From public service broadcasting to public service media – challenges for European radio cultures

IP2: From public service broadcasting to public service media – challenges for European radio cultures explores how recent reconfigurations of public service broadcasting have altered structures of production, distribution and consumption, as well as the social, cultural and political consequences of these changes. This shift to digital production and distribution technologies has challenged the traditional national public service remits, and opened up opportunities for multi platform combinations for radio.

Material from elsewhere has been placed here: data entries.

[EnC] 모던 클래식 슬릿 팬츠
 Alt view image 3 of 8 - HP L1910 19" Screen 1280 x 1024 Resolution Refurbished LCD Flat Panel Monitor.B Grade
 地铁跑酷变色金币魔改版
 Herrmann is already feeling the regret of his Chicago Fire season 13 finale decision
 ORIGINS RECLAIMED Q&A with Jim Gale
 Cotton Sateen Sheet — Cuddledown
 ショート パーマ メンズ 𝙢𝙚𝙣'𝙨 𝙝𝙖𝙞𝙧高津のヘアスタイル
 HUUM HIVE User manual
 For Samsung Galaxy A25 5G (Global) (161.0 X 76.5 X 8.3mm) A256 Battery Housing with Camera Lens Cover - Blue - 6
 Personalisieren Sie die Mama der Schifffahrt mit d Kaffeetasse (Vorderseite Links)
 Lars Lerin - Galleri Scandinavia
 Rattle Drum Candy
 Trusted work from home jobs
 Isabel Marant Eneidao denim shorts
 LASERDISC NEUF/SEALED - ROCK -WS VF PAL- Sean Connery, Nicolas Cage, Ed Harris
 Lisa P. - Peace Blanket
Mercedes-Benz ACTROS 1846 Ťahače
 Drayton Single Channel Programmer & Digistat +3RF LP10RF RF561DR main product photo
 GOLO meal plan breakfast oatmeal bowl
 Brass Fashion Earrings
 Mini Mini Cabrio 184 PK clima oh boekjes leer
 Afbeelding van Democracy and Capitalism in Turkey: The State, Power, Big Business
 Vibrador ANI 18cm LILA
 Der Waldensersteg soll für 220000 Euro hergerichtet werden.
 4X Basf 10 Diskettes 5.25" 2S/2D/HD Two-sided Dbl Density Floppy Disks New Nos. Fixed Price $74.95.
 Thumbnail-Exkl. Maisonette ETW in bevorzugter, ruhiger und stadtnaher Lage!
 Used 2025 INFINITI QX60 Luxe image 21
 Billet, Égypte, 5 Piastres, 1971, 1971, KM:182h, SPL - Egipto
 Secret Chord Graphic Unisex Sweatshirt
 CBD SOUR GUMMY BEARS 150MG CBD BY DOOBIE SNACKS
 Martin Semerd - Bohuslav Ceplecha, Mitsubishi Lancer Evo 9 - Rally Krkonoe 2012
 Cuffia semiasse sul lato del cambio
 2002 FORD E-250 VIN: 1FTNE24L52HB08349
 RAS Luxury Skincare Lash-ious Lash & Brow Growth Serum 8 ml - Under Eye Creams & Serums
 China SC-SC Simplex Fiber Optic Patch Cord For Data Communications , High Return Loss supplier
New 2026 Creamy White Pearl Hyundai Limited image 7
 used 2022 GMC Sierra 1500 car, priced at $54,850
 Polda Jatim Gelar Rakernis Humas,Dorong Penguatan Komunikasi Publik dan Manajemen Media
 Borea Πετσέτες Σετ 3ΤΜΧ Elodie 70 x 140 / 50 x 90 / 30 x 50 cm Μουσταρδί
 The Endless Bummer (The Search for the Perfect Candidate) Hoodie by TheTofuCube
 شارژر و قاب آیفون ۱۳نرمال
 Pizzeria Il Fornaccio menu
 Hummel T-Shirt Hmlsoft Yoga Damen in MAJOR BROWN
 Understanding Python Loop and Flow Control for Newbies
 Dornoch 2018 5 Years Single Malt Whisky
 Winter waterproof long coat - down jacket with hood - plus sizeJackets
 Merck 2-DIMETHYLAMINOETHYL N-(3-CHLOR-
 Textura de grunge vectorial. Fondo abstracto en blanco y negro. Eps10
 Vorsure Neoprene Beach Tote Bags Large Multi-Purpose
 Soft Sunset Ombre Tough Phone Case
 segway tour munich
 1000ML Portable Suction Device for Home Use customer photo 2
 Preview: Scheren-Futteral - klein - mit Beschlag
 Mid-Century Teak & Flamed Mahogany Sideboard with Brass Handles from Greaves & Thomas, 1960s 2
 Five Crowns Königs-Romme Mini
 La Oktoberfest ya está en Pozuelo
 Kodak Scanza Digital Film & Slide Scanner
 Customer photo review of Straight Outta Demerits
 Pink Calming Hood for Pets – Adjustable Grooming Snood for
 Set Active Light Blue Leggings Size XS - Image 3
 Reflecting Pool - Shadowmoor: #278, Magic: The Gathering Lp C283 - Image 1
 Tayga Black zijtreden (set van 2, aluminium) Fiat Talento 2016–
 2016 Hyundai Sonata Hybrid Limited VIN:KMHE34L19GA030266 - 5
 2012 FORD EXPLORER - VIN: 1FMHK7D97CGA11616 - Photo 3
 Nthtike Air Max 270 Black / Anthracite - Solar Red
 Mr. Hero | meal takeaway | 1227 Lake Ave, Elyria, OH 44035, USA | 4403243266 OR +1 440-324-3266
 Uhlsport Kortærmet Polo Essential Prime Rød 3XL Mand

The comparative approach in this IP to the changing European radio cultures will offer new insights in how the different national constructions of Public Service Broadcasting reflect key values in the construction of national identities, and how these values and cultural practices are being challenged by the overall digital media development. As such IP2 relates to the other IPs in the CRP, offering a socio-cultural framework for the empirical analysis of national and transnational cultural encounters, and the shaping of national identities as well as segmented, group-oriented sub-cultures and related concepts of identity or value patterns. This study connects to previous research in the field, and is mainly inspired by theories of the domestication of media (Silverstone and Hirsch 1992; Berker et al.2006), social shaping and technology (MacKenzie and Wajcman 1999; Winston 1998), and the study of the historical developments and the cultural dilemmas of the public service remits (Lowe and Jauert 1995).

Infrastructures & Public Spheres: How has the tension between technological innovations, social shaping of technology and national media policies influenced on the national concepts of the public service media remit for radio in a European perspective? Which patterns of inspirations and contrasts in institutional framing and of radio production, distribution and use can be detected through comparative studies between four European countries: three small (Denmark, Finland, Ireland) and two large (Germany and the UK). Aesthetics & Territoriality: Which new channel and program formats have been developed during the transformation from analogue to digital platforms, and how has this influenced on the program aesthetics (genre, audio performances, soundscapes etc.)? What consequences for the audience conceptions of radio listening can be traced on basis of the extended listener involvement in radio programs – directly though interventions in the program (mobile media, text messages, twitter etc) and indirectly through platform related fora, i.e. program related internet sites, Facebook or similar social media? Archive and Cultural Memory: The digitization of radio opens up for an extension of cultural encounters, both at a national and a transnational level, not least through web radio. This phenomenon raises the question of archival procedures for radio programmes and audio content on different platforms. The methodological challenges related to cooperation and integration between broadcast and internet archives and the accessibility for researchers are central for the project, and it will be researched in close cooperation with the relevant national archive institutions in Europe.